As you can see, the augmented bounding boxes perfectly fit each bounding box's rotated pixels. But due to having to wrap around the pixels furthest to the top/right/bottom/left, the new bounding boxes now also contain large amounts of pixels that were previously not contained in the bounding boxes.

Drawing¶

A common operation is to draw bounding boxes on images. The method to do that was already used in the above examples. It offers arguments to control the color, size (i.e. border thickness) and alpha (i.e. opacity) of the drawn bounding boxes.
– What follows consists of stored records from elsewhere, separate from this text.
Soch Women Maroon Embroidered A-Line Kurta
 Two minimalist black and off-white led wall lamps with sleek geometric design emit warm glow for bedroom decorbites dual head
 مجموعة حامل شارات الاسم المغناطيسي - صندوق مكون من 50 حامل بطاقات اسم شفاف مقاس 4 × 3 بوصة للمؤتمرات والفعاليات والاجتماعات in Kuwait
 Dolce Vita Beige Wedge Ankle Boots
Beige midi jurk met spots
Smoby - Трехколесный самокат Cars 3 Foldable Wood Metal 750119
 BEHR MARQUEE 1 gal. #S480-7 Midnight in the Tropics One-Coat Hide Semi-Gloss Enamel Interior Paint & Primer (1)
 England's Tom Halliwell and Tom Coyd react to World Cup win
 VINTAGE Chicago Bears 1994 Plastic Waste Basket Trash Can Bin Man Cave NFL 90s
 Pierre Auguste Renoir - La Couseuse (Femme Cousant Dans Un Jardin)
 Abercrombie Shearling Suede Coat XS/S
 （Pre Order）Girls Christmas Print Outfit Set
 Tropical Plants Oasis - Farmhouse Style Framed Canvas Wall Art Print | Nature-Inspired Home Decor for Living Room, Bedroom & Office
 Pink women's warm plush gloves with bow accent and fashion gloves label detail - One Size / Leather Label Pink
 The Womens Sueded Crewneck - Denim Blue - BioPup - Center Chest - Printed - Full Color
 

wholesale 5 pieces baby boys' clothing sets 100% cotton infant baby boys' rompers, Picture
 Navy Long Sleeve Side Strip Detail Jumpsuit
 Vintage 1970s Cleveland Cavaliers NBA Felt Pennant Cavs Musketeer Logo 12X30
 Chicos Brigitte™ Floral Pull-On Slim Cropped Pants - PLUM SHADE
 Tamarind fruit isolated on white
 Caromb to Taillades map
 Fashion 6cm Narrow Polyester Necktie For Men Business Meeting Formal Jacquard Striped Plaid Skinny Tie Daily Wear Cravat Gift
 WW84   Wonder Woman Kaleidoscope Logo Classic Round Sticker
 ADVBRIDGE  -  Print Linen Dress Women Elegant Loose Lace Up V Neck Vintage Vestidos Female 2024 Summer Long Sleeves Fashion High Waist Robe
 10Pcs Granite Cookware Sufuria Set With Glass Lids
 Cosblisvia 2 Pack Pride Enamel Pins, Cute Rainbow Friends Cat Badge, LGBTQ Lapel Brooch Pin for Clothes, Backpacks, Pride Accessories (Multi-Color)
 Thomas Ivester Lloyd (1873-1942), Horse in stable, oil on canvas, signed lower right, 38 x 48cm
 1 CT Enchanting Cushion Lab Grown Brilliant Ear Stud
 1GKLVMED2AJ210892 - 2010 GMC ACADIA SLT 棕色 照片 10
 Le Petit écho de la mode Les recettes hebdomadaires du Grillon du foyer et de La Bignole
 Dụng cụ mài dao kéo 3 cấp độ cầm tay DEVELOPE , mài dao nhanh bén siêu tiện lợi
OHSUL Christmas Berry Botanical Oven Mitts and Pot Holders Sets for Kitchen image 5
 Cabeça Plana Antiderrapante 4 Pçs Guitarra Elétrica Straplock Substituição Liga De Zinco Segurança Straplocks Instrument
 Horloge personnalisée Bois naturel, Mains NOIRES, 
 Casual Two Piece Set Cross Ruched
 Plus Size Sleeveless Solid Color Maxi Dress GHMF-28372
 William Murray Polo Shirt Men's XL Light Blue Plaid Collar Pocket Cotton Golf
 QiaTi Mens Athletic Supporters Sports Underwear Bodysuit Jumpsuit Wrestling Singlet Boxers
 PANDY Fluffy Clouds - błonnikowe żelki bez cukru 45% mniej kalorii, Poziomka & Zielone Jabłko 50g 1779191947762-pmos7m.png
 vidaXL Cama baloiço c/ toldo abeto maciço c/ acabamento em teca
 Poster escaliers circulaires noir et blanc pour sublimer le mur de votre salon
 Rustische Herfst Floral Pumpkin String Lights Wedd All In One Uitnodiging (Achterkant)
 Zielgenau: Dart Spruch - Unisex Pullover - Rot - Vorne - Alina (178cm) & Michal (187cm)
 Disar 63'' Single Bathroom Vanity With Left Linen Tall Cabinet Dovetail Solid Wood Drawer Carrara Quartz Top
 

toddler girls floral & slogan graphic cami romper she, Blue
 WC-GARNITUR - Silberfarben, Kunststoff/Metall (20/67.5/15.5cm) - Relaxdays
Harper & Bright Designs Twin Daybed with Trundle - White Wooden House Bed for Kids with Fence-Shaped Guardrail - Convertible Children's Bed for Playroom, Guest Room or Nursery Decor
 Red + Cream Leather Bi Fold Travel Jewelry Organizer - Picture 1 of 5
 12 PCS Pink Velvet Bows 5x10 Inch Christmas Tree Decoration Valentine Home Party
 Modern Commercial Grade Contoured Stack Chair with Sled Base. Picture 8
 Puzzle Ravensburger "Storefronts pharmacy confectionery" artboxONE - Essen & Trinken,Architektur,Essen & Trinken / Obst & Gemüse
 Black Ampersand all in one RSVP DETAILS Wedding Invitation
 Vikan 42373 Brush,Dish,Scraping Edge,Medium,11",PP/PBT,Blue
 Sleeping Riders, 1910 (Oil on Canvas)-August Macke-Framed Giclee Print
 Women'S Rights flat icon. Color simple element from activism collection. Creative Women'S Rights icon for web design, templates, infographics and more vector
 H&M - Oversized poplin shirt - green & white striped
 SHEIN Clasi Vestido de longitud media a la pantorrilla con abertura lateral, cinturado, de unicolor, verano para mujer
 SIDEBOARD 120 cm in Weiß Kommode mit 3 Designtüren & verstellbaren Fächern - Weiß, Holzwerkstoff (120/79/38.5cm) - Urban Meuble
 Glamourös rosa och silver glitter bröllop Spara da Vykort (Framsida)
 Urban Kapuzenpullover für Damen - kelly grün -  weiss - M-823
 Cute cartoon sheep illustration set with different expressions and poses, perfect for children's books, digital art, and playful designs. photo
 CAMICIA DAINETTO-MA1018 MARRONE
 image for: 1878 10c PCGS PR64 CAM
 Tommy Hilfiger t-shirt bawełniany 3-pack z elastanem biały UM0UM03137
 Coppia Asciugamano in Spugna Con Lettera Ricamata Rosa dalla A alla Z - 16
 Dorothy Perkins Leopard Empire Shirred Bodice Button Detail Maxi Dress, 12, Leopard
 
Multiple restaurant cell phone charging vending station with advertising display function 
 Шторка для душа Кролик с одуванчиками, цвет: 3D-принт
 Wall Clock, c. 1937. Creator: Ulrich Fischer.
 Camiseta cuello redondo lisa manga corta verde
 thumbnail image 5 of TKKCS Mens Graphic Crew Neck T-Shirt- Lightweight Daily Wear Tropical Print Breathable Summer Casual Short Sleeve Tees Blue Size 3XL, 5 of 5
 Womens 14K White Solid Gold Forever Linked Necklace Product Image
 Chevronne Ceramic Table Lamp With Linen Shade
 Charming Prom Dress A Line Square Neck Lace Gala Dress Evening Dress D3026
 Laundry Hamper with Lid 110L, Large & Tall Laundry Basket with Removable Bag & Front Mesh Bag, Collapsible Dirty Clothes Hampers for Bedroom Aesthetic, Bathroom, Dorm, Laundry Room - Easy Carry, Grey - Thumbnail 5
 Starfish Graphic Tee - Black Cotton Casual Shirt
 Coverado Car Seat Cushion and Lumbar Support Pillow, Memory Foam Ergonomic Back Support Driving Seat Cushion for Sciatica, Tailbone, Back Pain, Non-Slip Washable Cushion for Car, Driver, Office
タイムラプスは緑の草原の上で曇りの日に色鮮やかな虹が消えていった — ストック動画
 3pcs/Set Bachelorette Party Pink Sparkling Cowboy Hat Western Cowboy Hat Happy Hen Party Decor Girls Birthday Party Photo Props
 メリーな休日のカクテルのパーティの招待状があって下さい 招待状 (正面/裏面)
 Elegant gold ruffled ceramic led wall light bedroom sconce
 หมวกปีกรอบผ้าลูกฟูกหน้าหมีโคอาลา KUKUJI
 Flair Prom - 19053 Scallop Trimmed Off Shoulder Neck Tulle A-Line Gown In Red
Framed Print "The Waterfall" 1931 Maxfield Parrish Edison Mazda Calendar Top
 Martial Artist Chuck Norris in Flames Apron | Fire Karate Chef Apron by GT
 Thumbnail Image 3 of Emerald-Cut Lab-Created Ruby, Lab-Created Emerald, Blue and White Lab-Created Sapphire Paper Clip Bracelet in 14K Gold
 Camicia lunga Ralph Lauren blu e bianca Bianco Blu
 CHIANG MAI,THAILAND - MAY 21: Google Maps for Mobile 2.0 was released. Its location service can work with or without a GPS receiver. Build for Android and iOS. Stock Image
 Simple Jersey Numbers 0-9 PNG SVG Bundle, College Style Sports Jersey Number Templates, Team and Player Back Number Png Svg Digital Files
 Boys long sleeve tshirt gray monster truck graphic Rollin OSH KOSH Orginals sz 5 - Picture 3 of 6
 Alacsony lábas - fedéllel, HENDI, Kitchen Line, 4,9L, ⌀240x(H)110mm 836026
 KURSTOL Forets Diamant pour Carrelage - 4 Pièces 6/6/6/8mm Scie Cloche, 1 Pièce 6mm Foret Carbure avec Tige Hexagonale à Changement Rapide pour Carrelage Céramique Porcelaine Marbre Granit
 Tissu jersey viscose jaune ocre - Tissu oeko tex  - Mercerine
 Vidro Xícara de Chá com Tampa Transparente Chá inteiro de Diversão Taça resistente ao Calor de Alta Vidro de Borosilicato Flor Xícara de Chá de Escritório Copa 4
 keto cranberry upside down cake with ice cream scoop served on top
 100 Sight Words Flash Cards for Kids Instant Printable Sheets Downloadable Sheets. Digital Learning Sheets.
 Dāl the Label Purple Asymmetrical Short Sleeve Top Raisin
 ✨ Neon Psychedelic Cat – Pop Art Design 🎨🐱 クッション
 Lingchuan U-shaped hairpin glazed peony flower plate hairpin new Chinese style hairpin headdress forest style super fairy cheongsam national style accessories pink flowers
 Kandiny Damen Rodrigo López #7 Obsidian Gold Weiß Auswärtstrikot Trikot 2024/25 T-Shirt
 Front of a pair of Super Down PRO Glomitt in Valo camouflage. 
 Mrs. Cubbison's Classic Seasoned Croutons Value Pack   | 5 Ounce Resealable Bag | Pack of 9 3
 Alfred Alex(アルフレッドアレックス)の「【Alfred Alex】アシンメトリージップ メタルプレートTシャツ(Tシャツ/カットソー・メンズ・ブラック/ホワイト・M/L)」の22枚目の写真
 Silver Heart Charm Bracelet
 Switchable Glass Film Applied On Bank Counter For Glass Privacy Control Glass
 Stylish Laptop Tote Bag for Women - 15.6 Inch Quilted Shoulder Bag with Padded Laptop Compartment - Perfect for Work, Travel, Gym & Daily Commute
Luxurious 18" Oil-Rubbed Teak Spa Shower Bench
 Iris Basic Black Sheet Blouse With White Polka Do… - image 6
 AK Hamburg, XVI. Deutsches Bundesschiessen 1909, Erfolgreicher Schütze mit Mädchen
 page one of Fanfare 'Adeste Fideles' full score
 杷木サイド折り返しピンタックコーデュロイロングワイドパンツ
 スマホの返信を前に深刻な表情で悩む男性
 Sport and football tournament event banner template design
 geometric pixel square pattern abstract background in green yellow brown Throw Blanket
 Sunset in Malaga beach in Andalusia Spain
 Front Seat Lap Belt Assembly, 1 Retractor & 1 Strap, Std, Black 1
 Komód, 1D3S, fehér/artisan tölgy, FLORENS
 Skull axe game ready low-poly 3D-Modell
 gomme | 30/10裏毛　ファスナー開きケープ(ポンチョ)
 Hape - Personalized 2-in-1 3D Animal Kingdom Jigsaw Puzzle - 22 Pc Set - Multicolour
The example below shows their usage.

In [7]:

image_bbs = np.copy(image)
image_bbs = bbs.bounding_boxes[0].draw_on_image(image_bbs, color=[255, 0, 0], size=3)
image_bbs = bbs.bounding_boxes[1].draw_on_image(image_bbs, color=[0, 255, 0], size=10, alpha=0.5)
ia.imshow(image_bbs)

If we add labels to the bounding boxes, they are also automatically drawn:

In [8]:

bbs_labeled = bbs.deepcopy()
bbs_labeled[0].label = "approximately a pig"
bbs_labeled[1].label = "bird"

image_bbs = bbs_labeled.draw_on_image(image, size=2)

ia.imshow(image_bbs)

If you want to set labels on the bounding boxes, but not having them drawn, call manually draw_box_on_image() on each bounding box. That only draws the box.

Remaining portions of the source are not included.